▶ _WHAT IS REQUIRED_: Print, exactly as they appear in the listing below, the lines from the line with "Рамка за легло" to the line with "Zeyune 8 Pack", with both end lines kept.

▶ _AVAILABLE DATA_:
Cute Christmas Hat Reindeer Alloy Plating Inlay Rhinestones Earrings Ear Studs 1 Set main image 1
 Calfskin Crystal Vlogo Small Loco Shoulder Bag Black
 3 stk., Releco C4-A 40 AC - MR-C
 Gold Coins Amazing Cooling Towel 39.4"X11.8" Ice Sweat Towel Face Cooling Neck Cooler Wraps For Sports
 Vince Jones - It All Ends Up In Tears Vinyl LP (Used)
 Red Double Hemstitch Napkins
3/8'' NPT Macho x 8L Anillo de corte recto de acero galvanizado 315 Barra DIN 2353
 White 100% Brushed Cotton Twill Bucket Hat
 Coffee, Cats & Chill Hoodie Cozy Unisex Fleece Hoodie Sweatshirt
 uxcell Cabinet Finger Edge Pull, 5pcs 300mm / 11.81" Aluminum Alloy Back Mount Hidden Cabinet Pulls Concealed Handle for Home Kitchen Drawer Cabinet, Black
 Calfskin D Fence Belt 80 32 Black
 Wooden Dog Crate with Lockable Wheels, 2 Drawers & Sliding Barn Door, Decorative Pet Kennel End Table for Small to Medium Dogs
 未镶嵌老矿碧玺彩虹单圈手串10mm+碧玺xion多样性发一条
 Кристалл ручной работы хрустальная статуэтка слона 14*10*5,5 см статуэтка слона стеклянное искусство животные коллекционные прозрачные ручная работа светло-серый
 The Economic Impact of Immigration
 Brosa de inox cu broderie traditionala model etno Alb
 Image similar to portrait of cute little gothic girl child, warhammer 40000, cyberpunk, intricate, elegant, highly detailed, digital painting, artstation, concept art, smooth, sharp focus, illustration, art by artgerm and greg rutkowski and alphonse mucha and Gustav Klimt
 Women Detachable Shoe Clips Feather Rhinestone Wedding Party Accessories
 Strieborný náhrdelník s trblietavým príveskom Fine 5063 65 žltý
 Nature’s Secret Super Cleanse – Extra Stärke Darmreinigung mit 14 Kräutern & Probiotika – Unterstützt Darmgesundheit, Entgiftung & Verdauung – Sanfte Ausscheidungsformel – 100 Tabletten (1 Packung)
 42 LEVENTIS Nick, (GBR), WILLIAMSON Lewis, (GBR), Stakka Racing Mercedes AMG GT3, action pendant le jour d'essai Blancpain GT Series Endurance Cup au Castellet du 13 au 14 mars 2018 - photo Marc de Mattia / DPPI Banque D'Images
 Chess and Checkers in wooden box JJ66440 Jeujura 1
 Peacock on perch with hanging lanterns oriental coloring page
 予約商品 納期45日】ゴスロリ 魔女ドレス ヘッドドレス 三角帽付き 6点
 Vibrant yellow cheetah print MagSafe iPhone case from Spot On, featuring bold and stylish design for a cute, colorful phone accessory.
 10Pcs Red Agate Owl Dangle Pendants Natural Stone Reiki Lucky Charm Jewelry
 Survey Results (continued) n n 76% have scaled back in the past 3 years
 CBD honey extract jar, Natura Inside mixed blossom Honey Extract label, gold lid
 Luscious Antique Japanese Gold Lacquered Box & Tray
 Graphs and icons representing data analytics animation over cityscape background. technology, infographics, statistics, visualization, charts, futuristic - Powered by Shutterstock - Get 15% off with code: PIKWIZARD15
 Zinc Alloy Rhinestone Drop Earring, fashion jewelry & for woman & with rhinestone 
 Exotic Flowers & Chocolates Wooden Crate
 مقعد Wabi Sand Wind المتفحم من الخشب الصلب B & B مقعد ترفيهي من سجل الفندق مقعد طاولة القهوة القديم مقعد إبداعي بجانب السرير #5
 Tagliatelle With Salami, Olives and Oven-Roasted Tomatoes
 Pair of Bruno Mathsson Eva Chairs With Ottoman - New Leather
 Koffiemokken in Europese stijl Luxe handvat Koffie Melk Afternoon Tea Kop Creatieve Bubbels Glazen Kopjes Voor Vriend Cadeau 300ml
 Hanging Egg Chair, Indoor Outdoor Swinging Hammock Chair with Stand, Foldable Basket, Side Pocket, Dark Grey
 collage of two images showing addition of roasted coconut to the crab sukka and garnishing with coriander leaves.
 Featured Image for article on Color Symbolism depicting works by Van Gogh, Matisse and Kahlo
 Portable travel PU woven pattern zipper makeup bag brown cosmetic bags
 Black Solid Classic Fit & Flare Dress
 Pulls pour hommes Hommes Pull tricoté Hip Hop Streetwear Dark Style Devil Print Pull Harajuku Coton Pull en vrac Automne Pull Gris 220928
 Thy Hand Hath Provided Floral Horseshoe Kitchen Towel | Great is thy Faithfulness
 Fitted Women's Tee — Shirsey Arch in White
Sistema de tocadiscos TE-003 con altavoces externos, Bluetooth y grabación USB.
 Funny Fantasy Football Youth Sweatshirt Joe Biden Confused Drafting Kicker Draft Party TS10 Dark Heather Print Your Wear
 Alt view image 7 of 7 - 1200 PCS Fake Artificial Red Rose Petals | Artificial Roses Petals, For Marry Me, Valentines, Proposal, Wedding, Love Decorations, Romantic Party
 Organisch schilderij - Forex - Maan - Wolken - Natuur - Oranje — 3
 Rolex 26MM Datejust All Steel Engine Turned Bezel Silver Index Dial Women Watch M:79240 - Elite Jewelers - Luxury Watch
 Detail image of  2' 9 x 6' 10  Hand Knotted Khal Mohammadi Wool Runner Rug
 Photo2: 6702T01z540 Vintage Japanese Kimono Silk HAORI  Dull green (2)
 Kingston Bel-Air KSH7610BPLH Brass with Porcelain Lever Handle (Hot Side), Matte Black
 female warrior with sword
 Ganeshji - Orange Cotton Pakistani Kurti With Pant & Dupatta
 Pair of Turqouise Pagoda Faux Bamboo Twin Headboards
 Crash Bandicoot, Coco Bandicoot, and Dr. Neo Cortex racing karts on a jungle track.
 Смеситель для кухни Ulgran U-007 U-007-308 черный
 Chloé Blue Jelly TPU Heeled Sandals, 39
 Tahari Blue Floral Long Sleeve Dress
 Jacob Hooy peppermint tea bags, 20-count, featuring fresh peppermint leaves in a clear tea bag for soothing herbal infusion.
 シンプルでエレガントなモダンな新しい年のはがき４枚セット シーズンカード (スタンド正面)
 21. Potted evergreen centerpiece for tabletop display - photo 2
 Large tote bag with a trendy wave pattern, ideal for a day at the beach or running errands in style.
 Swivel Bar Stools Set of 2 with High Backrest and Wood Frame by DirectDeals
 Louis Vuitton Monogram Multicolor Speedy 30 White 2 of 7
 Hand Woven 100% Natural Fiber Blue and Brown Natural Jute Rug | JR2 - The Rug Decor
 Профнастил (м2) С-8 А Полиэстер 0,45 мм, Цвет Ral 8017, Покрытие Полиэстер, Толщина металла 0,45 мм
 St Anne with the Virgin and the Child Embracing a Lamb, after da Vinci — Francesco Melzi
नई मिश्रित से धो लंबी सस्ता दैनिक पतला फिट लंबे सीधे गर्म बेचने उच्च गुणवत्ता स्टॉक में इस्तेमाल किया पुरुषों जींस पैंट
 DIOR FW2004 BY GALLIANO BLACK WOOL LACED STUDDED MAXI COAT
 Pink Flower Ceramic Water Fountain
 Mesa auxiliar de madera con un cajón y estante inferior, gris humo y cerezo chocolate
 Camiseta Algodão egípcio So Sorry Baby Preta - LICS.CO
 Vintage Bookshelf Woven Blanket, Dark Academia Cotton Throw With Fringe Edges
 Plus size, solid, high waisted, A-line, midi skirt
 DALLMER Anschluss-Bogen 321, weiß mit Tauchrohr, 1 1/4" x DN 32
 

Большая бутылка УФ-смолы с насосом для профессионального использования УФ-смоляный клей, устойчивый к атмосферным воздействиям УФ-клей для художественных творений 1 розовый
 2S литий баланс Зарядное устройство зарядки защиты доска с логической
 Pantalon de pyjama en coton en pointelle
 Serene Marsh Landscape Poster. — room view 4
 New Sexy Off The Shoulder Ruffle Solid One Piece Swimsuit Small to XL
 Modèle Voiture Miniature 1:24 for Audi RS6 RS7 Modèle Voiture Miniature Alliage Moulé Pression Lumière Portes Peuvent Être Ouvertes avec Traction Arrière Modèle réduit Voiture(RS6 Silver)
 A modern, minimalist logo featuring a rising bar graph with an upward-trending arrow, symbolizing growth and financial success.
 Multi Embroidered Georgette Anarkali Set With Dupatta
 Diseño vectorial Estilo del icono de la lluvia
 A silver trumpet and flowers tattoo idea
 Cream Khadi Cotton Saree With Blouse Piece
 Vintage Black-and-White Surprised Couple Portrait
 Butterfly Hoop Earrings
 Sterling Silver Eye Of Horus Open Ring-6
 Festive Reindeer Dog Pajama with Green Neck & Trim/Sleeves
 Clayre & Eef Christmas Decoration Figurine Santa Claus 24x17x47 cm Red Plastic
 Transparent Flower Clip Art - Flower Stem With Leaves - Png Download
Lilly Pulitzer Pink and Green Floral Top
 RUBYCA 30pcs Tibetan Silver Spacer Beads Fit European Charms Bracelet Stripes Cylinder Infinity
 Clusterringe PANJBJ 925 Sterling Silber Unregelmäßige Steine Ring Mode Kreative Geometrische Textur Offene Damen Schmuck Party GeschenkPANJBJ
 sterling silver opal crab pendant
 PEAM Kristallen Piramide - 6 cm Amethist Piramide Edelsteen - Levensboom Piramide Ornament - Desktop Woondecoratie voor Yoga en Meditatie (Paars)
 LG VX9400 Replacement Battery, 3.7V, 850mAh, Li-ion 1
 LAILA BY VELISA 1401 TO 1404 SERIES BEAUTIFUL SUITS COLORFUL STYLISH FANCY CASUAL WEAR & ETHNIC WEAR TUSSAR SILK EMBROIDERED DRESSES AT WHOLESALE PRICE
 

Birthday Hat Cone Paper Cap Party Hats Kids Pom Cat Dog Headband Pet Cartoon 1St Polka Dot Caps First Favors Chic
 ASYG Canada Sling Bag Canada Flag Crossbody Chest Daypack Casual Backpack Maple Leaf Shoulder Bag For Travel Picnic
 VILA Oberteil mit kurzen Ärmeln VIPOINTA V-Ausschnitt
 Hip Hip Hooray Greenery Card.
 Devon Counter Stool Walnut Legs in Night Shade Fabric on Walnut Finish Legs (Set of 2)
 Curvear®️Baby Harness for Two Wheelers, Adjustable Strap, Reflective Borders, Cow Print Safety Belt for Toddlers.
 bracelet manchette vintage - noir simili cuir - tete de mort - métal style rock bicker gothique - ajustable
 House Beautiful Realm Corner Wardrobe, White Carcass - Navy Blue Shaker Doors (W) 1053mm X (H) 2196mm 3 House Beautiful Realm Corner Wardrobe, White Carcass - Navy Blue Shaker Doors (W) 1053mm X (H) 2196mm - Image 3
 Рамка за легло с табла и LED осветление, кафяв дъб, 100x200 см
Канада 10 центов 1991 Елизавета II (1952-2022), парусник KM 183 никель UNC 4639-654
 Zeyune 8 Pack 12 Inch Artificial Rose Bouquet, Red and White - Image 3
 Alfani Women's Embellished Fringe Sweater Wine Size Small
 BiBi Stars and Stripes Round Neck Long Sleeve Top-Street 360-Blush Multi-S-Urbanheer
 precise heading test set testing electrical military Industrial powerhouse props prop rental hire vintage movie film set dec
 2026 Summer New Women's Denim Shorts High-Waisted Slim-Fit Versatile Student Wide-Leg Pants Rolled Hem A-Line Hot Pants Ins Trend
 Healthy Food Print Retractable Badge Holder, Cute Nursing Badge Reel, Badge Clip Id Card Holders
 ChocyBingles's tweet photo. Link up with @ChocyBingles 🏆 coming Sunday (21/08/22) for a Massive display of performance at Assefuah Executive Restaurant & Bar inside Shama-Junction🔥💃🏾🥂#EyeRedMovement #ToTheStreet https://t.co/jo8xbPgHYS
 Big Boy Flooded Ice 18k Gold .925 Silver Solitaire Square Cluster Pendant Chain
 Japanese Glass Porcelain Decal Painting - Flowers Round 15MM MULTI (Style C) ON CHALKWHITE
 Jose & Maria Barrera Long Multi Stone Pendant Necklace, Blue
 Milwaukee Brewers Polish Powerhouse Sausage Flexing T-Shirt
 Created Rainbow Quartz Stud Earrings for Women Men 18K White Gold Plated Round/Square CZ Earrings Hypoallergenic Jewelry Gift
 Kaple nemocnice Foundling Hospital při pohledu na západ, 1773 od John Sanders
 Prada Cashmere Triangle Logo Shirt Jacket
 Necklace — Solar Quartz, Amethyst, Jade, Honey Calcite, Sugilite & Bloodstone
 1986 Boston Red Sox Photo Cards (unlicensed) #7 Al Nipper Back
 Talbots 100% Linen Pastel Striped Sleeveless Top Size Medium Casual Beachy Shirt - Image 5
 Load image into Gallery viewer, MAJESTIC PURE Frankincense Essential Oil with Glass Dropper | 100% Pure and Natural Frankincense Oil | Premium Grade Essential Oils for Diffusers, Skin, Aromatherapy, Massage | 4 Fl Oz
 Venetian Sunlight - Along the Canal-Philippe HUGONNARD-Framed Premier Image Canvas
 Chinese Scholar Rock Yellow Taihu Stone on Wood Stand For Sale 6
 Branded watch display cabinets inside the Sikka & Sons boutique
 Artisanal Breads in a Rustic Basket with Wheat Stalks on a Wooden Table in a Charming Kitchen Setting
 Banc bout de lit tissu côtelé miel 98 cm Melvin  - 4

▶ _RESULT FOR THIS EXERCISE_:
 Рамка за легло с табла и LED осветление, кафяв дъб, 100x200 см
Канада 10 центов 1991 Елизавета II (1952-2022), парусник KM 183 никель UNC 4639-654
 Zeyune 8 Pack 12 Inch Artificial Rose Bouquet, Red and White - Image 3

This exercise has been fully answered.